● **ACTION ITEM**
For this item, repeat the material exactly while omitting its pictures.

● **INFORMATION PROVIDED**

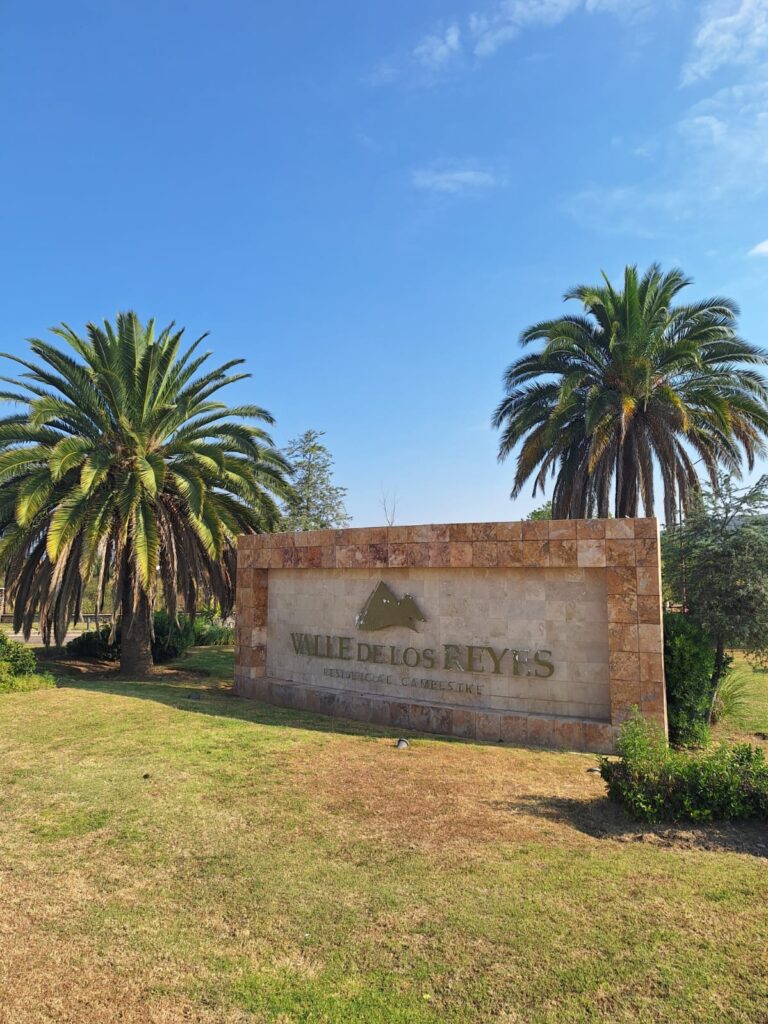 WhatsApp Image 2024-11-28 at 10.41.11 AM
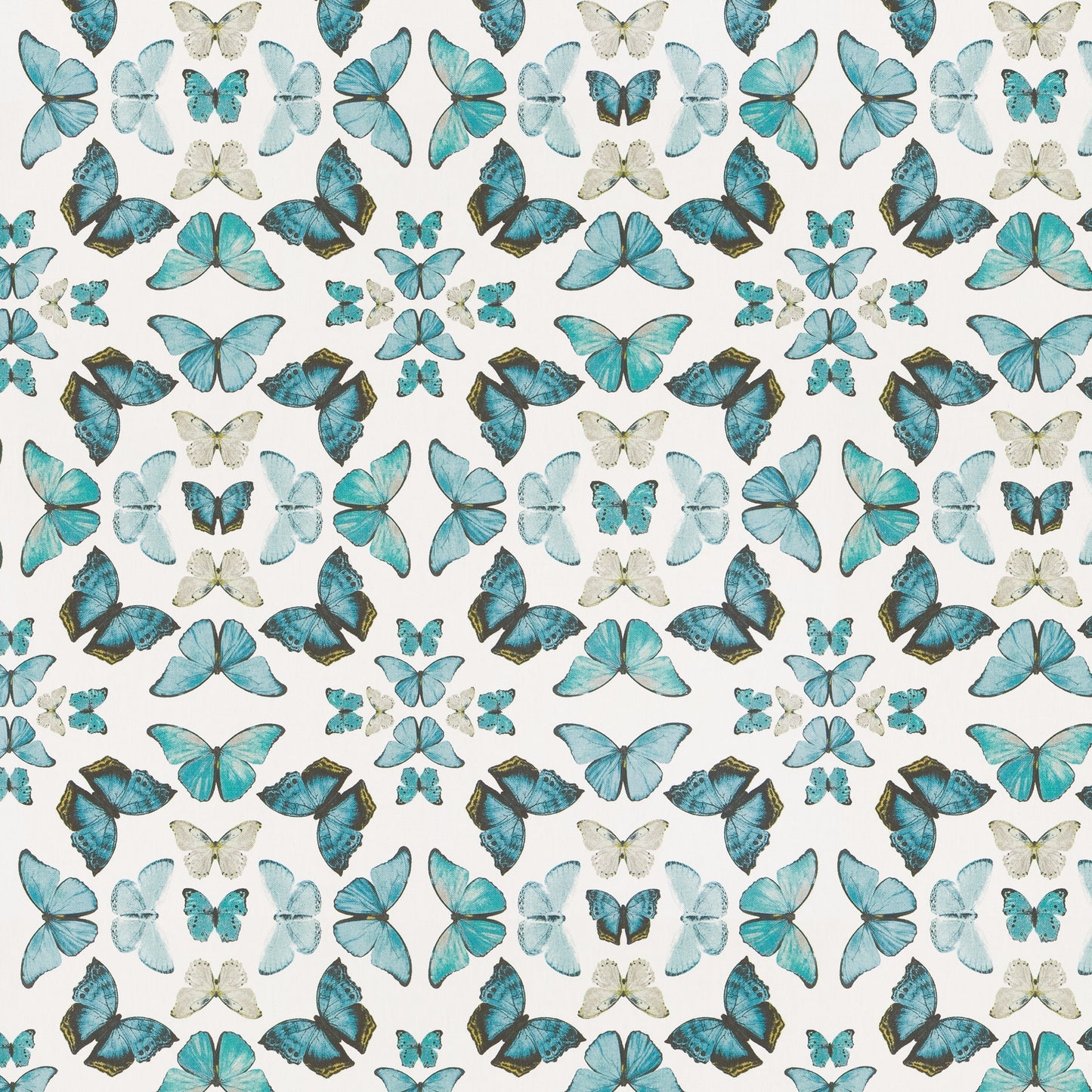Talpa (Fc) - Echo - Turquoise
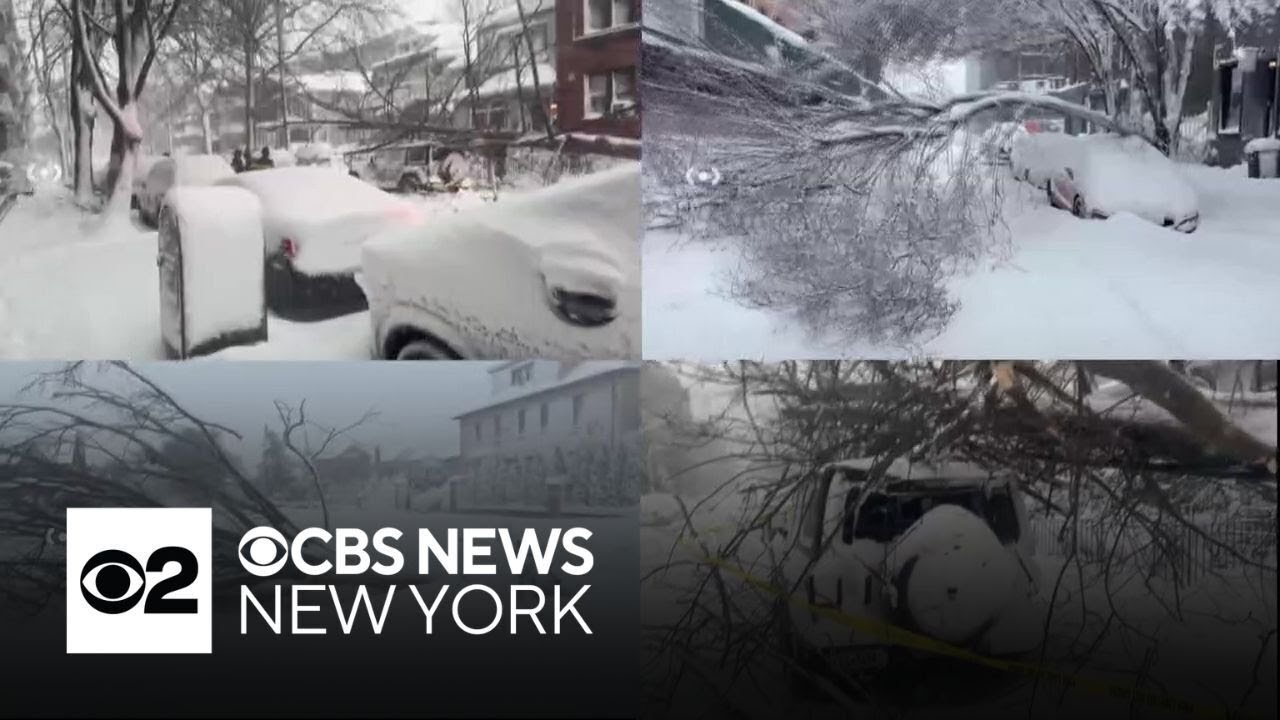 Blizzard leaves plenty of damage across New York City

● **RESULT FOR THIS TASK**
 WhatsApp Image 2024-11-28 at 10.41.11 AM
Talpa (Fc) - Echo - Turquoise
 Blizzard leaves plenty of damage across New York City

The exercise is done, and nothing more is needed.